**Exercise prompt**
Would you return the records below character for character, without any images?

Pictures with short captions
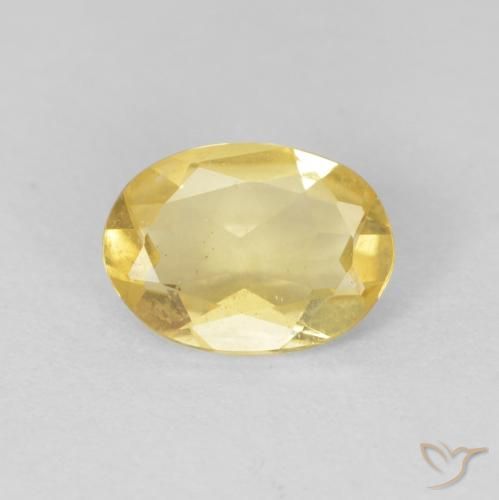 0.90ct طبيعي ذهبى فاتح بيريل, بيضوي, قليلا جدا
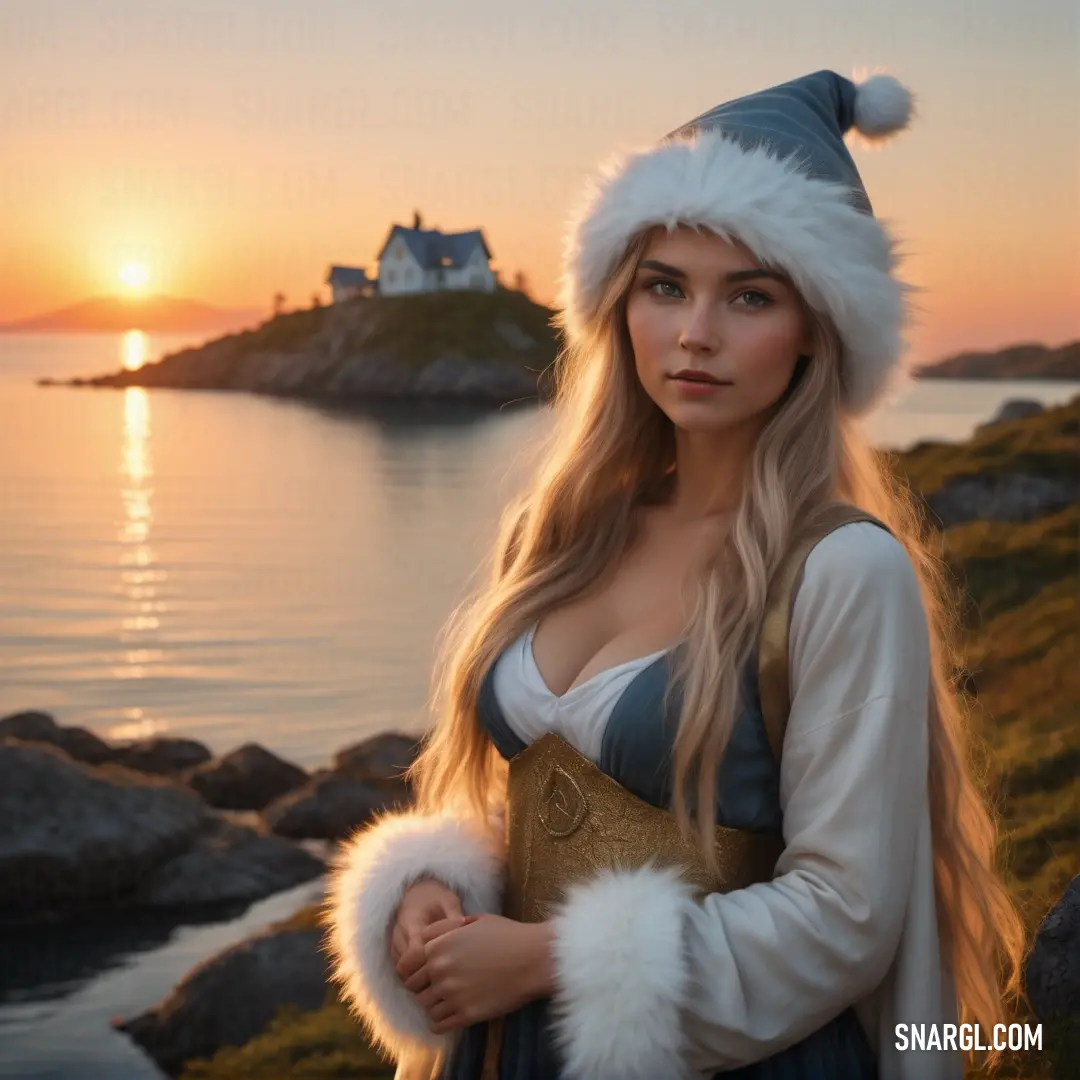 Woman Tomte in a costume standing on a rocky shore at sunset with a house in the background and a lighthouse in the distance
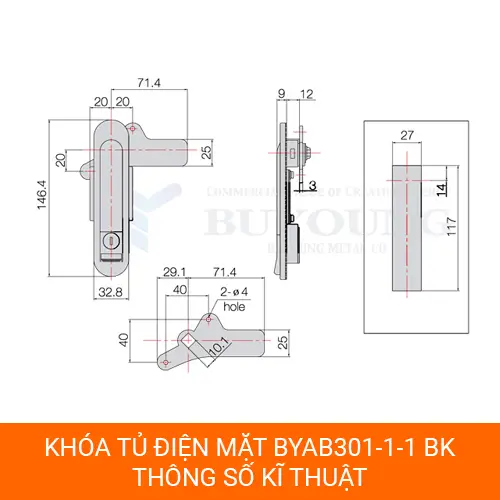 Bản vẽ kỹ thuật khóa BYAB301-1-1 BK, kích thước 146x32,8 mm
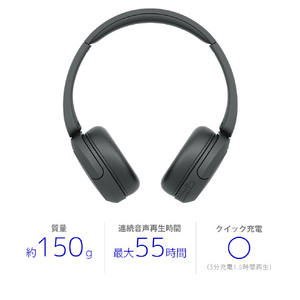 SONY ワイヤレスステレオヘッドセット ブラック WH-CH530 B-イメージ2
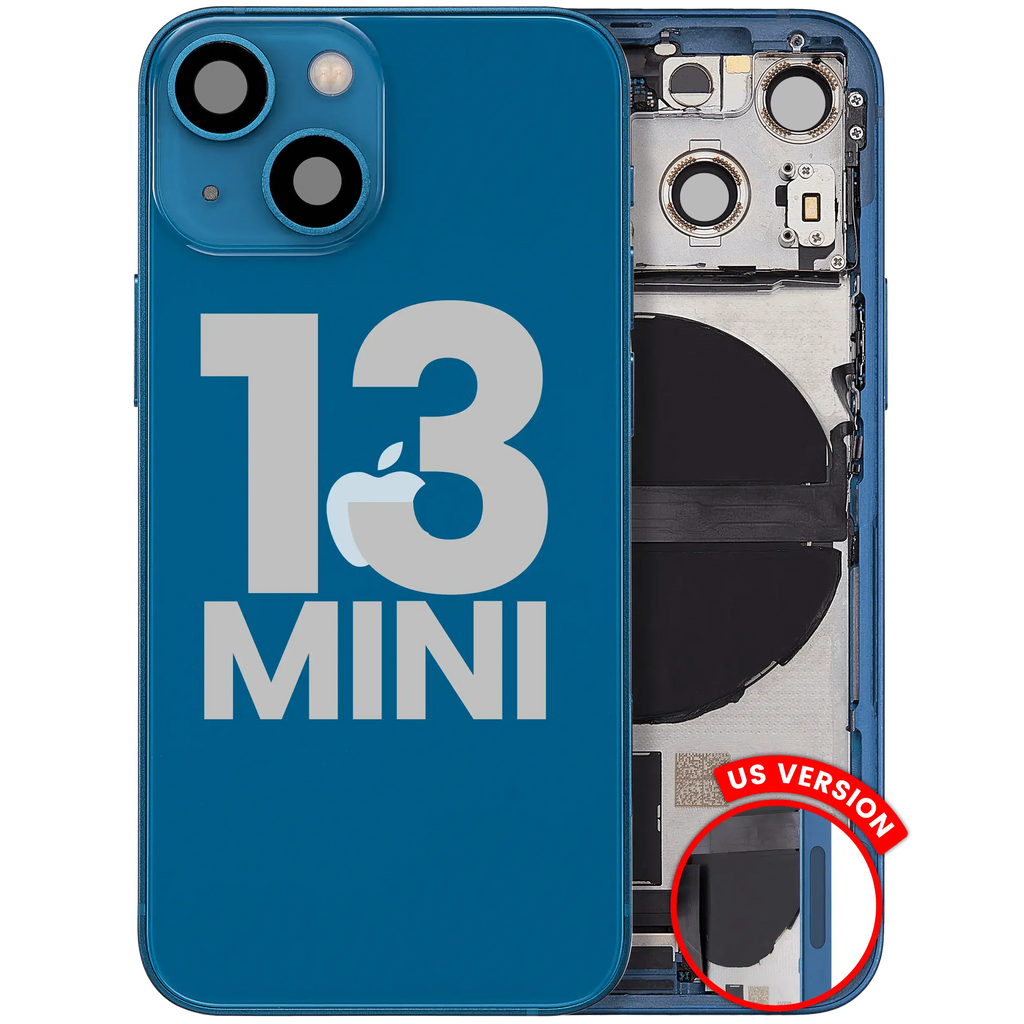 Back Cover/Frame with Charging Port Flex and Small Parts for iPhone 13 Mini (US Version) (Used OEM Pull, C Quality) (Blue)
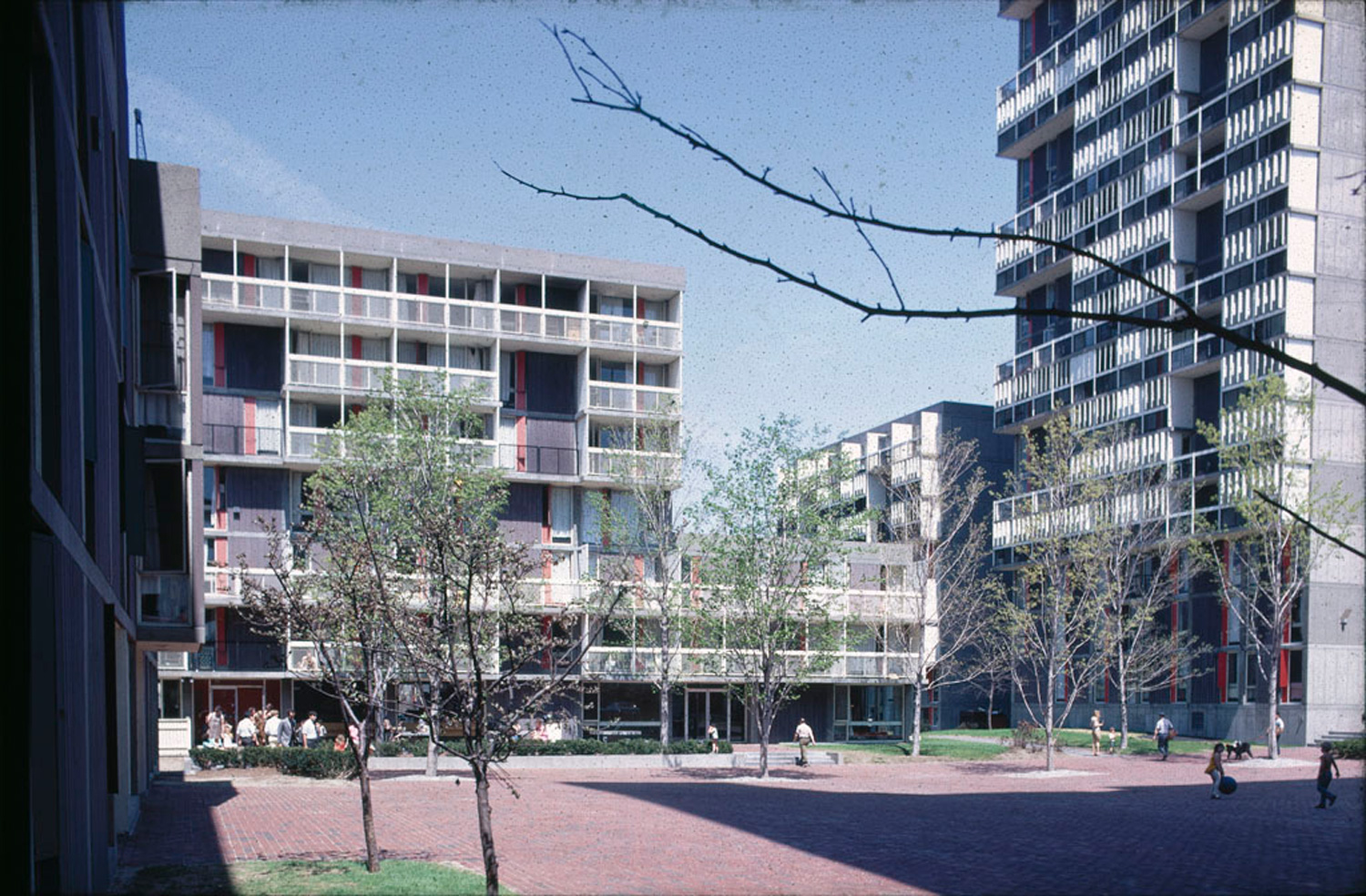 View of Courtyard with concrete buildings surrounding it.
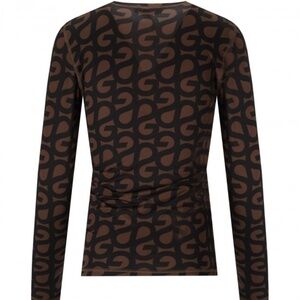 NWOT - STINE GOYA Repeating pattern long sleeve top. Black/Brown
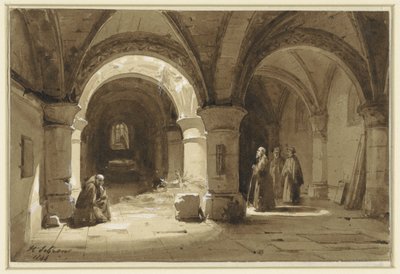 Voûtes du monastère avec des moines - Hippolyte Victor Valentin Sebron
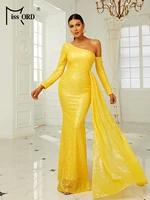 missord sequin one shoulder draped maxi formal dress women summer elegant wedding party long sleeve fashion evening yellow 2022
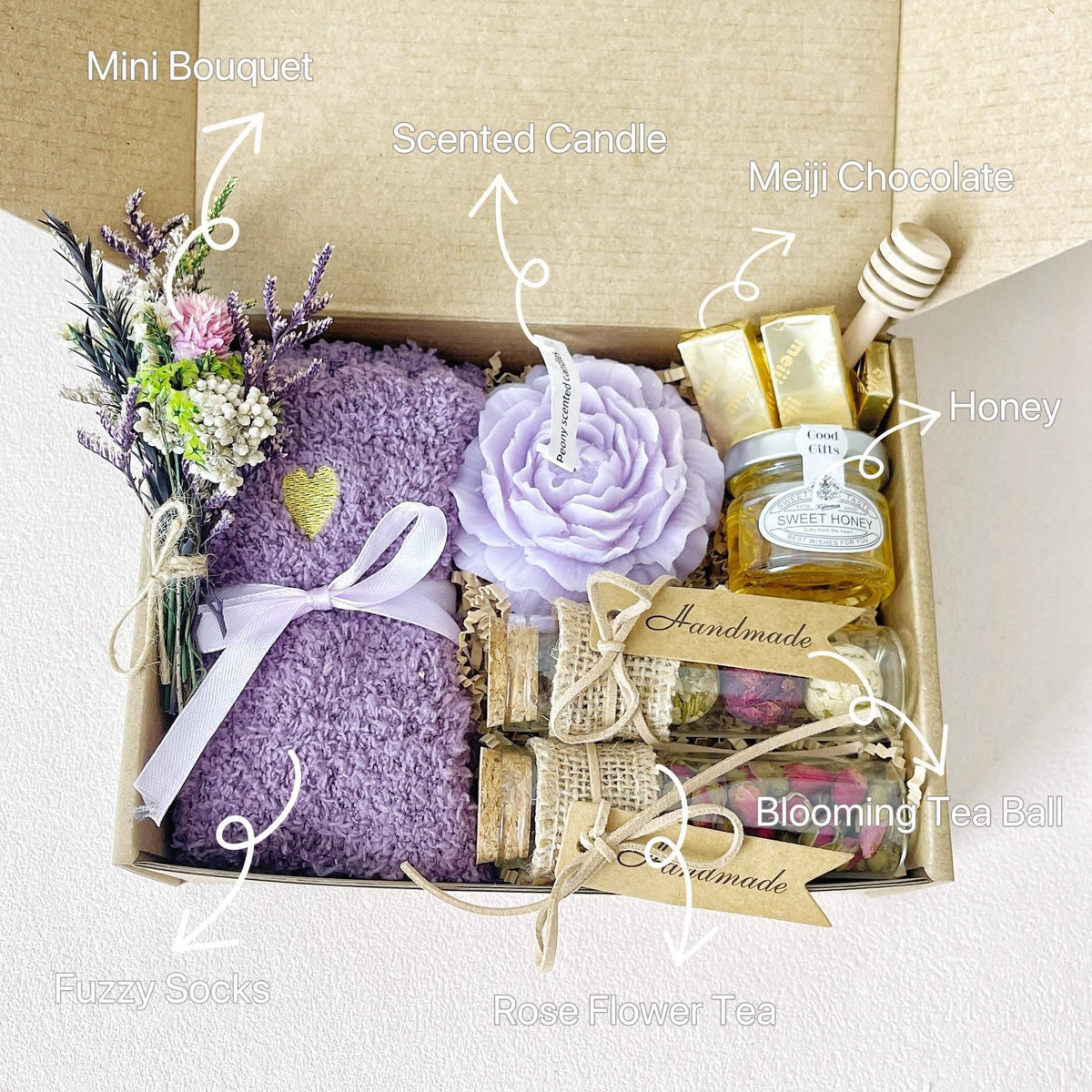 Relaxation Gift Box – Floral Tea, Honey, Candle & Cozy Socks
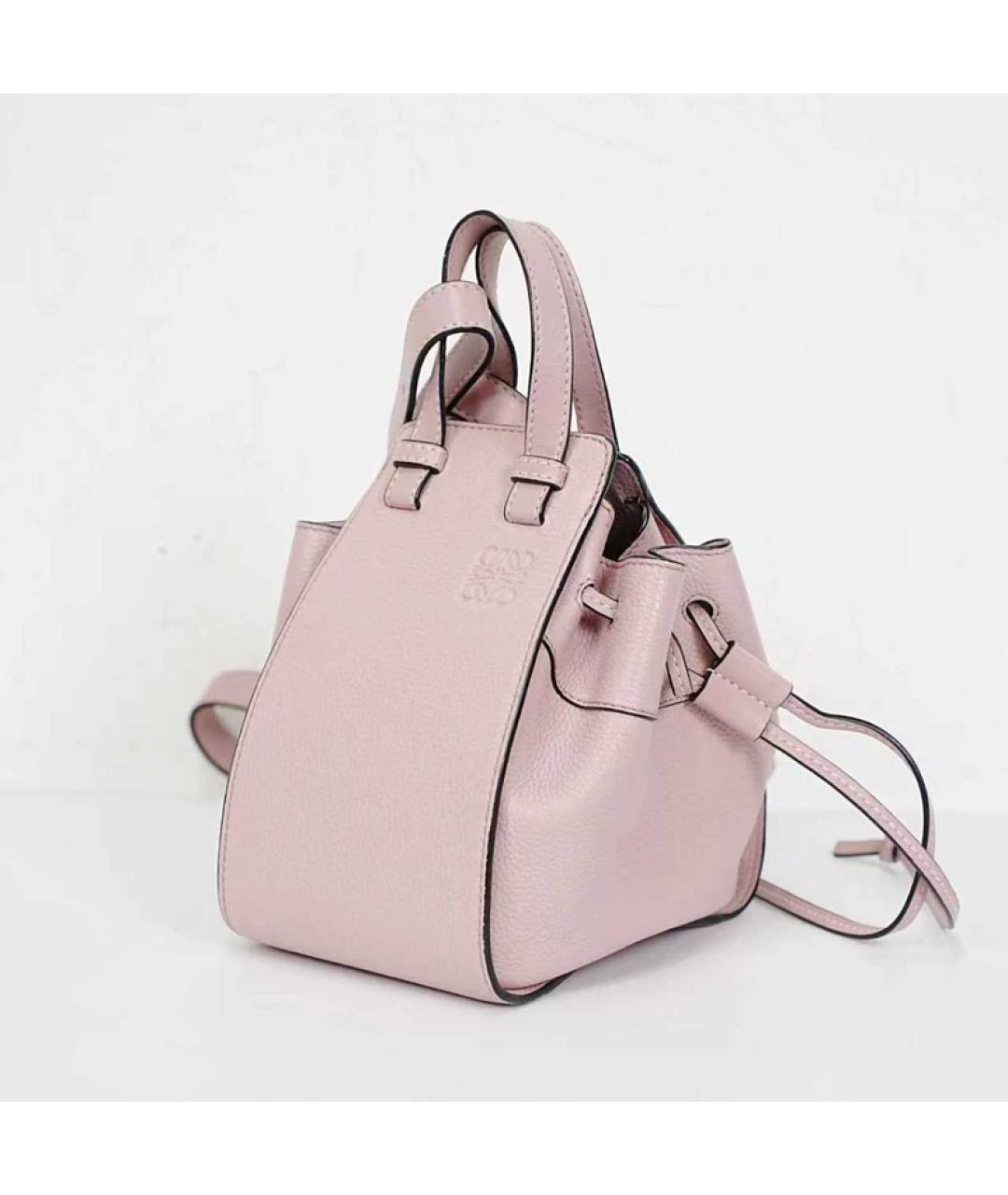 LOEWE Розовая кожаная сумка с короткими ручками, фото 5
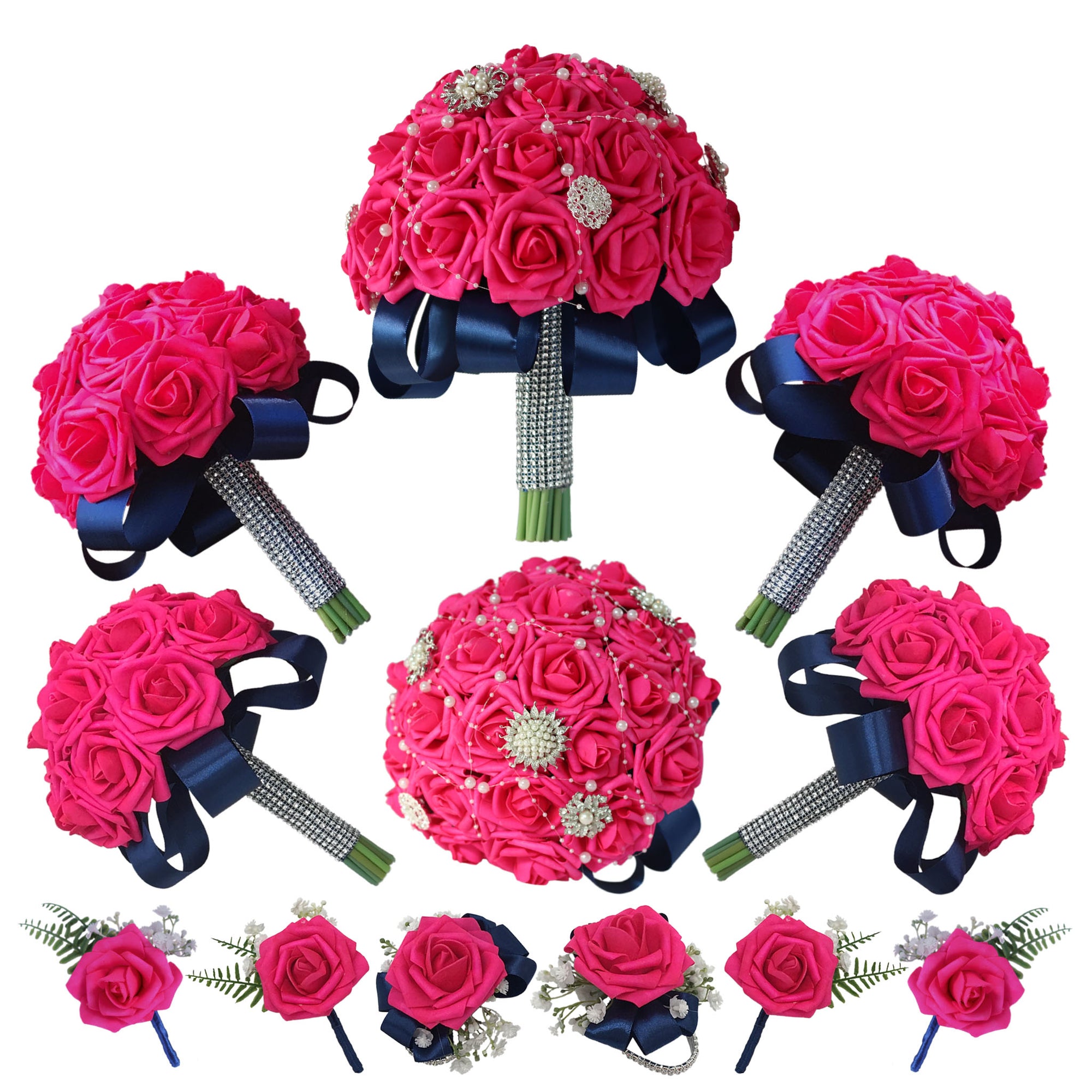 Bridal Hot Pink Bouquets Sets Corsages and Boutonnieres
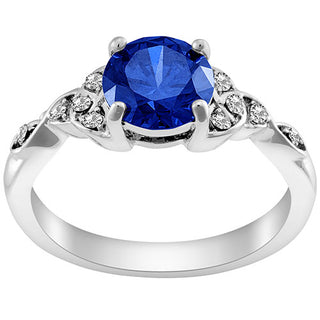 Silver Plated Simulated Sapphire and Clear Crystal Trinity Knot Ring
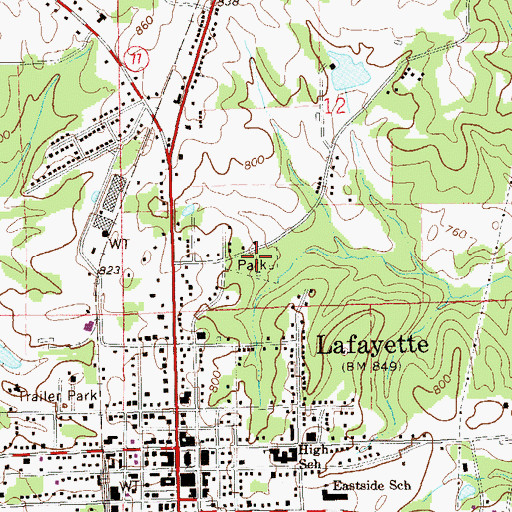 Topographic Map of Lafayette City Park, AL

**Output for this exercise**
 0.90ct طبيعي ذهبى فاتح بيريل, بيضوي, قليلا جدا
 Woman Tomte in a costume standing on a rocky shore at sunset with a house in the background and a lighthouse in the distance
 Bản vẽ kỹ thuật khóa BYAB301-1-1 BK, kích thước 146x32,8 mm
 SONY ワイヤレスステレオヘッドセット ブラック WH-CH530 B-イメージ2
 Back Cover/Frame with Charging Port Flex and Small Parts for iPhone 13 Mini (US Version) (Used OEM Pull, C Quality) (Blue)
 View of Courtyard with concrete buildings surrounding it.
 NWOT - STINE GOYA Repeating pattern long sleeve top. Black/Brown
 Voûtes du monastère avec des moines - Hippolyte Victor Valentin Sebron
 missord sequin one shoulder draped maxi formal dress women summer elegant wedding party long sleeve fashion evening yellow 2022
 Relaxation Gift Box – Floral Tea, Honey, Candle & Cozy Socks
 LOEWE Розовая кожаная сумка с короткими ручками, фото 5
 Bridal Hot Pink Bouquets Sets Corsages and Boutonnieres
 Silver Plated Simulated Sapphire and Clear Crystal Trinity Knot Ring
 Topographic Map of Lafayette City Park, AL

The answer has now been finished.